▼

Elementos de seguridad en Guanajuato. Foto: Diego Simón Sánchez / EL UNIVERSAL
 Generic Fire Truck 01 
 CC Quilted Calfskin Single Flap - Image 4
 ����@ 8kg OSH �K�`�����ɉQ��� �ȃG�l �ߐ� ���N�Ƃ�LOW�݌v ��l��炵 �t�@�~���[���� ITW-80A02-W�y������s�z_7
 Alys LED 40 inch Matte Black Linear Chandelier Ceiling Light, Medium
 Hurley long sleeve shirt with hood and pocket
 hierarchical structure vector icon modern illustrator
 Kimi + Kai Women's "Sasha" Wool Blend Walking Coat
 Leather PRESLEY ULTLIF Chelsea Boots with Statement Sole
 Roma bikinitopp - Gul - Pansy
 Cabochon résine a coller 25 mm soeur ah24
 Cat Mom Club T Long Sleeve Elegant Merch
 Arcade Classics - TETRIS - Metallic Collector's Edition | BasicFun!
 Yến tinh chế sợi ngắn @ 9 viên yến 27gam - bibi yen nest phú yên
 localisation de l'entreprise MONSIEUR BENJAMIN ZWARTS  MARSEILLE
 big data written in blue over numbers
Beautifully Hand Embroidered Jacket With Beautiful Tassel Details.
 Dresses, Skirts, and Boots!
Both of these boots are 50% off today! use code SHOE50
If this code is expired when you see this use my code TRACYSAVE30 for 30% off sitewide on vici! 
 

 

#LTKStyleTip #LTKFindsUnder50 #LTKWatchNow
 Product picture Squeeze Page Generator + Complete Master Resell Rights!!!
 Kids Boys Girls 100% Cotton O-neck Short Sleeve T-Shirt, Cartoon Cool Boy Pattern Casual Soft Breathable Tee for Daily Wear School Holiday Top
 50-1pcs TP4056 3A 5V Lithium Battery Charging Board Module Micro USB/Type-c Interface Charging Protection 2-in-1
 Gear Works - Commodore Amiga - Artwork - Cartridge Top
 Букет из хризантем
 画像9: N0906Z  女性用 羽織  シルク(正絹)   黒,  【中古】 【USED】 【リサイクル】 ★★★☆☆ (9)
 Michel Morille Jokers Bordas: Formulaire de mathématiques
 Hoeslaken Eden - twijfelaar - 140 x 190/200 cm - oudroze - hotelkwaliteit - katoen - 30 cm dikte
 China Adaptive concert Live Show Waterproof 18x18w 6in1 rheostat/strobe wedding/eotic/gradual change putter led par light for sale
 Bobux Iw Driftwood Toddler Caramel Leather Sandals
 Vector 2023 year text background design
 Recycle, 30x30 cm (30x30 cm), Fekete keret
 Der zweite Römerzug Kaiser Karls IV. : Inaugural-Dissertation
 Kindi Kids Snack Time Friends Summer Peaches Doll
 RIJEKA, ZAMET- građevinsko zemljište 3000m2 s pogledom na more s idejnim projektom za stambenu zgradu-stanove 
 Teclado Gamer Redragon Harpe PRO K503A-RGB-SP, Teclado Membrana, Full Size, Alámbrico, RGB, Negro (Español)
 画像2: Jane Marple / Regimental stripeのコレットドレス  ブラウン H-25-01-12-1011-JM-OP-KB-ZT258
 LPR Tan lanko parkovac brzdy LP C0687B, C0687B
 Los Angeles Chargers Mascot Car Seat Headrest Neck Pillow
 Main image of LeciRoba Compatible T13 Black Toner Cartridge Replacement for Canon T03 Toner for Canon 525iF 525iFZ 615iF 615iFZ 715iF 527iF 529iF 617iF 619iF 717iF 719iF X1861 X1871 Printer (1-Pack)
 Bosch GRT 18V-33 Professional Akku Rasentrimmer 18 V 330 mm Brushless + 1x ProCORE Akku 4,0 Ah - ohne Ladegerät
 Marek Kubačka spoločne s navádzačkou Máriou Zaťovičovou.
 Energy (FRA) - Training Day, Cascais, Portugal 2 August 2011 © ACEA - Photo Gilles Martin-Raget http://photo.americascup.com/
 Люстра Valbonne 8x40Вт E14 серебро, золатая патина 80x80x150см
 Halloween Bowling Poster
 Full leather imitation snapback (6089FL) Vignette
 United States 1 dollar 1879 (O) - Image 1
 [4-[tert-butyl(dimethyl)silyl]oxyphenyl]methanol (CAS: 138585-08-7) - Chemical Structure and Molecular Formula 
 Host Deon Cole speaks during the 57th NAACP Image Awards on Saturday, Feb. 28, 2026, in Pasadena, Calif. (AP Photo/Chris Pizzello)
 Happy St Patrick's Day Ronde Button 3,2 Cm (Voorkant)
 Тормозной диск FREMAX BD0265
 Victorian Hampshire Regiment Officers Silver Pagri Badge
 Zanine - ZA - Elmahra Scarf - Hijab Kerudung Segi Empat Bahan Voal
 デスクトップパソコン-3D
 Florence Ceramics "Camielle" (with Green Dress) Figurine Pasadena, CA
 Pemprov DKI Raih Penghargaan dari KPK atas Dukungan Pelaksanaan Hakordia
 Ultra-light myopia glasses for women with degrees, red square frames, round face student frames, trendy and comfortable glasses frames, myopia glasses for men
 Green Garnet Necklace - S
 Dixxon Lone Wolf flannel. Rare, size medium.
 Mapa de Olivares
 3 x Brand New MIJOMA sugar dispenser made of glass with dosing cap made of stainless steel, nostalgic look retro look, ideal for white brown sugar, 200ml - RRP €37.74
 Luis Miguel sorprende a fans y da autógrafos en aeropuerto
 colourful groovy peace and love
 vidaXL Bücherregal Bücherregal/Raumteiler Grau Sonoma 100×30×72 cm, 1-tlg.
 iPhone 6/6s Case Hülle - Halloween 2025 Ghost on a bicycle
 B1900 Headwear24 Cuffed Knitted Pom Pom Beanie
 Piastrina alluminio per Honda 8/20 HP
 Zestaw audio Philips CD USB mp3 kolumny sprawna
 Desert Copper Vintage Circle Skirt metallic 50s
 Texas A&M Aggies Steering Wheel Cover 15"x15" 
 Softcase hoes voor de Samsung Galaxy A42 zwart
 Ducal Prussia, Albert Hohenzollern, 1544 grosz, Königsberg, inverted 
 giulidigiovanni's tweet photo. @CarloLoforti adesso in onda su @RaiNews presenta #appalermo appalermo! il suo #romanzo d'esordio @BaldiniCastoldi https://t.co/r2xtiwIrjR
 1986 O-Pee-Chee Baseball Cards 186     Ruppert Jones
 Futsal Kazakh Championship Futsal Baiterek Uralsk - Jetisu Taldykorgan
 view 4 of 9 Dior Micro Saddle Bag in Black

▲

● **What needs to be done**: Every record shown above should be written out again exactly.

● **Task result**:
Elementos de seguridad en Guanajuato. Foto: Diego Simón Sánchez / EL UNIVERSAL
 Generic Fire Truck 01 
 CC Quilted Calfskin Single Flap - Image 4
 ����@ 8kg OSH �K�`�����ɉQ��� �ȃG�l �ߐ� ���N�Ƃ�LOW�݌v ��l��炵 �t�@�~���[���� ITW-80A02-W�y������s�z_7
 Alys LED 40 inch Matte Black Linear Chandelier Ceiling Light, Medium
 Hurley long sleeve shirt with hood and pocket
 hierarchical structure vector icon modern illustrator
 Kimi + Kai Women's "Sasha" Wool Blend Walking Coat
 Leather PRESLEY ULTLIF Chelsea Boots with Statement Sole
 Roma bikinitopp - Gul - Pansy
 Cabochon résine a coller 25 mm soeur ah24
 Cat Mom Club T Long Sleeve Elegant Merch
 Arcade Classics - TETRIS - Metallic Collector's Edition | BasicFun!
 Yến tinh chế sợi ngắn @ 9 viên yến 27gam - bibi yen nest phú yên
 localisation de l'entreprise MONSIEUR BENJAMIN ZWARTS  MARSEILLE
 big data written in blue over numbers
Beautifully Hand Embroidered Jacket With Beautiful Tassel Details.
 Dresses, Skirts, and Boots!
Both of these boots are 50% off today! use code SHOE50
If this code is expired when you see this use my code TRACYSAVE30 for 30% off sitewide on vici! 
 

 

#LTKStyleTip #LTKFindsUnder50 #LTKWatchNow
 Product picture Squeeze Page Generator + Complete Master Resell Rights!!!
 Kids Boys Girls 100% Cotton O-neck Short Sleeve T-Shirt, Cartoon Cool Boy Pattern Casual Soft Breathable Tee for Daily Wear School Holiday Top
 50-1pcs TP4056 3A 5V Lithium Battery Charging Board Module Micro USB/Type-c Interface Charging Protection 2-in-1
 Gear Works - Commodore Amiga - Artwork - Cartridge Top
 Букет из хризантем
 画像9: N0906Z  女性用 羽織  シルク(正絹)   黒,  【中古】 【USED】 【リサイクル】 ★★★☆☆ (9)
 Michel Morille Jokers Bordas: Formulaire de mathématiques
 Hoeslaken Eden - twijfelaar - 140 x 190/200 cm - oudroze - hotelkwaliteit - katoen - 30 cm dikte
 China Adaptive concert Live Show Waterproof 18x18w 6in1 rheostat/strobe wedding/eotic/gradual change putter led par light for sale
 Bobux Iw Driftwood Toddler Caramel Leather Sandals
 Vector 2023 year text background design
 Recycle, 30x30 cm (30x30 cm), Fekete keret
 Der zweite Römerzug Kaiser Karls IV. : Inaugural-Dissertation
 Kindi Kids Snack Time Friends Summer Peaches Doll
 RIJEKA, ZAMET- građevinsko zemljište 3000m2 s pogledom na more s idejnim projektom za stambenu zgradu-stanove 
 Teclado Gamer Redragon Harpe PRO K503A-RGB-SP, Teclado Membrana, Full Size, Alámbrico, RGB, Negro (Español)
 画像2: Jane Marple / Regimental stripeのコレットドレス  ブラウン H-25-01-12-1011-JM-OP-KB-ZT258
 LPR Tan lanko parkovac brzdy LP C0687B, C0687B
 Los Angeles Chargers Mascot Car Seat Headrest Neck Pillow
 Main image of LeciRoba Compatible T13 Black Toner Cartridge Replacement for Canon T03 Toner for Canon 525iF 525iFZ 615iF 615iFZ 715iF 527iF 529iF 617iF 619iF 717iF 719iF X1861 X1871 Printer (1-Pack)
 Bosch GRT 18V-33 Professional Akku Rasentrimmer 18 V 330 mm Brushless + 1x ProCORE Akku 4,0 Ah - ohne Ladegerät
 Marek Kubačka spoločne s navádzačkou Máriou Zaťovičovou.
 Energy (FRA) - Training Day, Cascais, Portugal 2 August 2011 © ACEA - Photo Gilles Martin-Raget http://photo.americascup.com/
 Люстра Valbonne 8x40Вт E14 серебро, золатая патина 80x80x150см
 Halloween Bowling Poster
 Full leather imitation snapback (6089FL) Vignette
 United States 1 dollar 1879 (O) - Image 1
 [4-[tert-butyl(dimethyl)silyl]oxyphenyl]methanol (CAS: 138585-08-7) - Chemical Structure and Molecular Formula 
 Host Deon Cole speaks during the 57th NAACP Image Awards on Saturday, Feb. 28, 2026, in Pasadena, Calif. (AP Photo/Chris Pizzello)
 Happy St Patrick's Day Ronde Button 3,2 Cm (Voorkant)
 Тормозной диск FREMAX BD0265
 Victorian Hampshire Regiment Officers Silver Pagri Badge
 Zanine - ZA - Elmahra Scarf - Hijab Kerudung Segi Empat Bahan Voal
 デスクトップパソコン-3D
 Florence Ceramics "Camielle" (with Green Dress) Figurine Pasadena, CA
 Pemprov DKI Raih Penghargaan dari KPK atas Dukungan Pelaksanaan Hakordia
 Ultra-light myopia glasses for women with degrees, red square frames, round face student frames, trendy and comfortable glasses frames, myopia glasses for men
 Green Garnet Necklace - S
 Dixxon Lone Wolf flannel. Rare, size medium.
 Mapa de Olivares
 3 x Brand New MIJOMA sugar dispenser made of glass with dosing cap made of stainless steel, nostalgic look retro look, ideal for white brown sugar, 200ml - RRP €37.74
 Luis Miguel sorprende a fans y da autógrafos en aeropuerto
 colourful groovy peace and love
 vidaXL Bücherregal Bücherregal/Raumteiler Grau Sonoma 100×30×72 cm, 1-tlg.
 iPhone 6/6s Case Hülle - Halloween 2025 Ghost on a bicycle
 B1900 Headwear24 Cuffed Knitted Pom Pom Beanie
 Piastrina alluminio per Honda 8/20 HP
 Zestaw audio Philips CD USB mp3 kolumny sprawna
 Desert Copper Vintage Circle Skirt metallic 50s
 Texas A&M Aggies Steering Wheel Cover 15"x15" 
 Softcase hoes voor de Samsung Galaxy A42 zwart
 Ducal Prussia, Albert Hohenzollern, 1544 grosz, Königsberg, inverted 
 giulidigiovanni's tweet photo. @CarloLoforti adesso in onda su @RaiNews presenta #appalermo appalermo! il suo #romanzo d'esordio @BaldiniCastoldi https://t.co/r2xtiwIrjR
 1986 O-Pee-Chee Baseball Cards 186     Ruppert Jones
 Futsal Kazakh Championship Futsal Baiterek Uralsk - Jetisu Taldykorgan
 view 4 of 9 Dior Micro Saddle Bag in Black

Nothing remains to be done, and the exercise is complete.